The listing below holds pictures; exclude them. Return exactly the lines from the one with "Used 2018 Buick Encore Essence FWD image 26" through the one with "Gigi Hadid |".

+++ Dataset extract +++

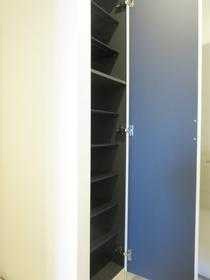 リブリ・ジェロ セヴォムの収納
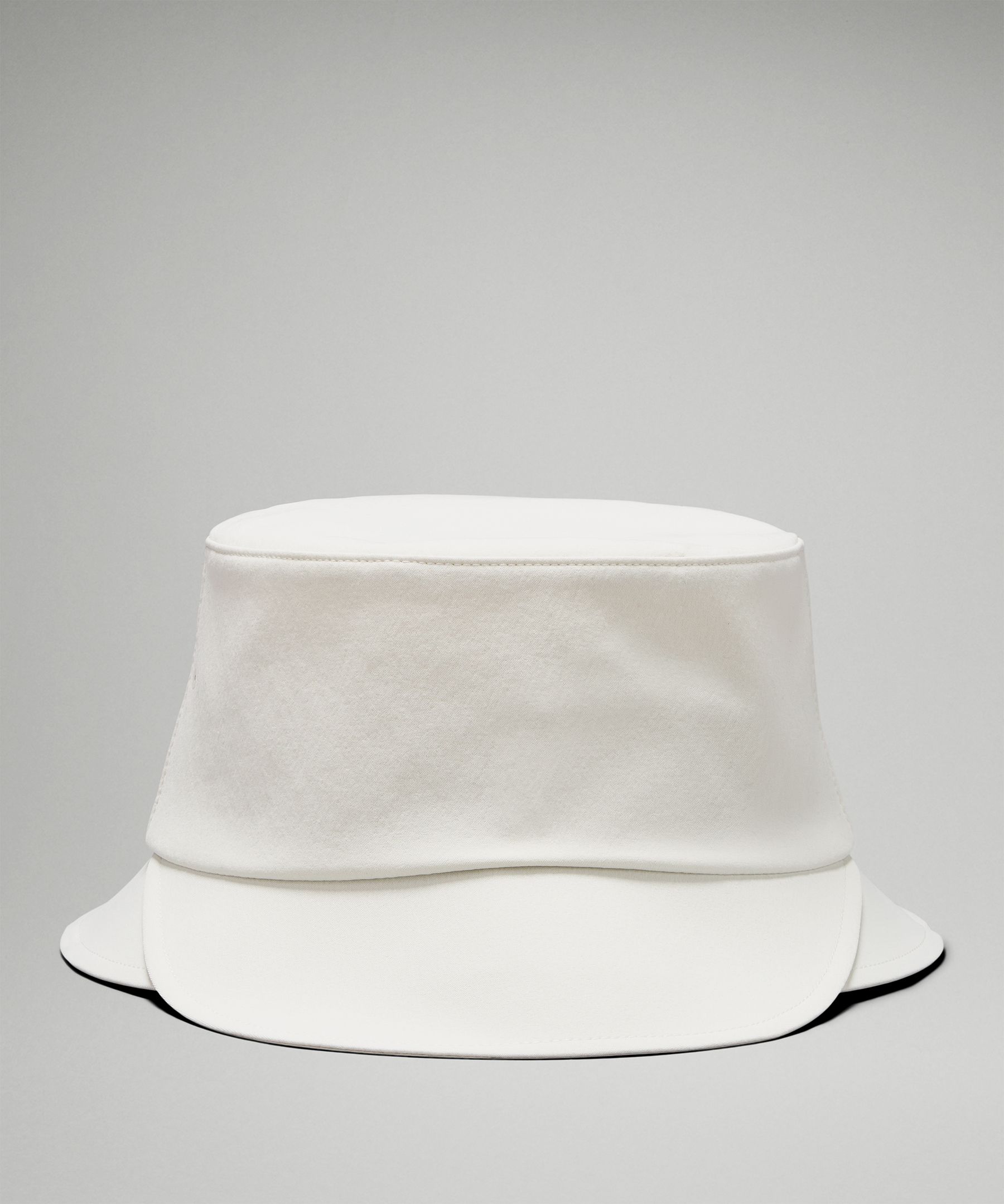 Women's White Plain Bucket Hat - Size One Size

+++
+++ Dataset extract +++

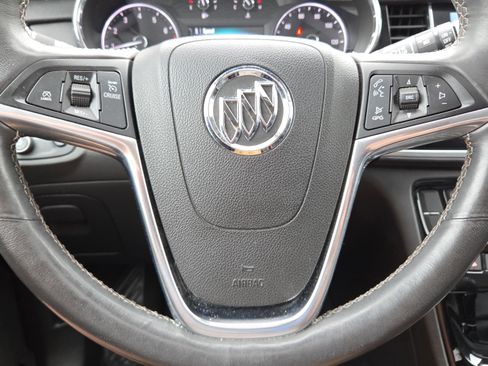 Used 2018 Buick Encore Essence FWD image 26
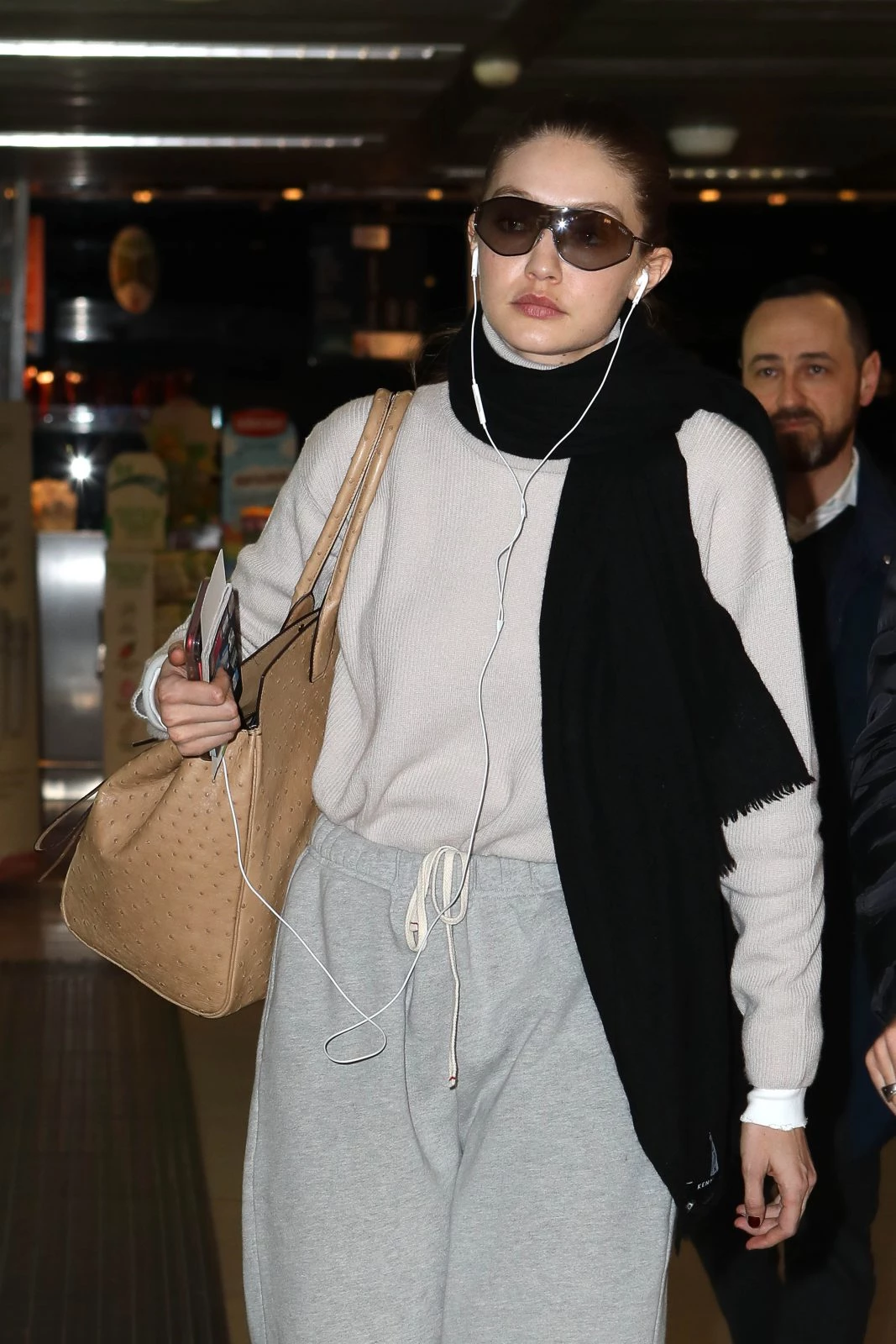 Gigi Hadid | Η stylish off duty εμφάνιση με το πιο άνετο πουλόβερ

+++

Response to this task:
 Used 2018 Buick Encore Essence FWD image 26
 Gigi Hadid | Η stylish off duty εμφάνιση με το πιο άνετο πουλόβερ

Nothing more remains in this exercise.